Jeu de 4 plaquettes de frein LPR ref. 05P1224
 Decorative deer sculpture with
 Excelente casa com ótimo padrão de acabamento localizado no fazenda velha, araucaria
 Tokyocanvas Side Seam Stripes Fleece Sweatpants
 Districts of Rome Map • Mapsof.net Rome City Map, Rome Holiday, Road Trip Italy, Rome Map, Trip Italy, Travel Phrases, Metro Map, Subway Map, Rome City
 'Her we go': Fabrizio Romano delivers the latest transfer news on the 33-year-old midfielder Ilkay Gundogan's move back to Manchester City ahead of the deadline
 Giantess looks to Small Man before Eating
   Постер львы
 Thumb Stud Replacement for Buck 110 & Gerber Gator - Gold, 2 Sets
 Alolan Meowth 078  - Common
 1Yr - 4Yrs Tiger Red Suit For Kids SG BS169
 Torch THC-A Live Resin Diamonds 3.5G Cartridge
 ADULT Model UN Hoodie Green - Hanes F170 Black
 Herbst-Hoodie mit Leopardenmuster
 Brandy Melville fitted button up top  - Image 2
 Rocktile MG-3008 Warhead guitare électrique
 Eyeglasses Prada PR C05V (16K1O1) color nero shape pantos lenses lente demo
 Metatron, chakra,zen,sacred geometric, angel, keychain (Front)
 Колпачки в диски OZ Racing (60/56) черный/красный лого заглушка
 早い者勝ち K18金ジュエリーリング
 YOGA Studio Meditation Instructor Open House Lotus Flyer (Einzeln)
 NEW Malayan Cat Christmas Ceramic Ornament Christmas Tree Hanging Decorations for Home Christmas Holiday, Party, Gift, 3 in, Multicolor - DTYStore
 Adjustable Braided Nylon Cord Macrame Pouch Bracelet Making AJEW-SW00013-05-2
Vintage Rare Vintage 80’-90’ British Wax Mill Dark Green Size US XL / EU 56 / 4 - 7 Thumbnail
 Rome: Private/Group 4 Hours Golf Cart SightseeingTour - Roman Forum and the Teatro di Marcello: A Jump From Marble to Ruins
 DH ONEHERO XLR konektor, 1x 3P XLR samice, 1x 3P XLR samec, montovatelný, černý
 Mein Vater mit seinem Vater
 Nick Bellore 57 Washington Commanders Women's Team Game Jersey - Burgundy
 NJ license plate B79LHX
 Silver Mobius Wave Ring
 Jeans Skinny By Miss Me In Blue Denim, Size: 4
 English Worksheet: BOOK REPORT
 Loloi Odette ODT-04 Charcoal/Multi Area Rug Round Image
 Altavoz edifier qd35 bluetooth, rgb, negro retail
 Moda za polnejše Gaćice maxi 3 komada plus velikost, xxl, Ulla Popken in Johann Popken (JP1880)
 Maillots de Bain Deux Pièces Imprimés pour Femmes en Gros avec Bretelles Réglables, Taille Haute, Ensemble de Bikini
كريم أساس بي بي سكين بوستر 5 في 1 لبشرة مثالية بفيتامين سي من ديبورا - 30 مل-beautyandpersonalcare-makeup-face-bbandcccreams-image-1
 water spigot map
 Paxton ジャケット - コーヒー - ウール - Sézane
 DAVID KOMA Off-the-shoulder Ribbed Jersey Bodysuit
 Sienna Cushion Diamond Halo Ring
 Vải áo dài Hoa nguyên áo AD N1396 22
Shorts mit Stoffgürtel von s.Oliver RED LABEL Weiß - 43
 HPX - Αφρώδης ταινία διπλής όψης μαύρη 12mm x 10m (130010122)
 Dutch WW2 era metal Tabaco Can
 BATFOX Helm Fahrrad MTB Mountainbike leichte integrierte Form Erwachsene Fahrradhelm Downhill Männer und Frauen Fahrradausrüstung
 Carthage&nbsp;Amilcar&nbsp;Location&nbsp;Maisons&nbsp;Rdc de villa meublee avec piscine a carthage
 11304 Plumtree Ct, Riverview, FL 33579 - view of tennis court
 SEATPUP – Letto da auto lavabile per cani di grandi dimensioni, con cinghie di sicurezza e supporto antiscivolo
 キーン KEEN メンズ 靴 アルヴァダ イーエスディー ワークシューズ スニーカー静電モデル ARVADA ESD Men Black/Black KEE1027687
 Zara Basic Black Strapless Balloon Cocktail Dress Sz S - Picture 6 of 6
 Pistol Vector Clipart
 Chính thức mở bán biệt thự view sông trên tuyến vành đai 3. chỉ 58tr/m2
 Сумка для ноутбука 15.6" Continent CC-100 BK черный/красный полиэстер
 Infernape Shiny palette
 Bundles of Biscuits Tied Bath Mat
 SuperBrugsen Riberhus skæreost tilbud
--------------------
YOUR GOAL ▸ Everything from the line containing "Bundles of Biscuits Tied Bath Mat" to the last line of the material above should be printed exactly, both ends included.

PROBLEM SOLUTION ▸
 Bundles of Biscuits Tied Bath Mat
 SuperBrugsen Riberhus skæreost tilbud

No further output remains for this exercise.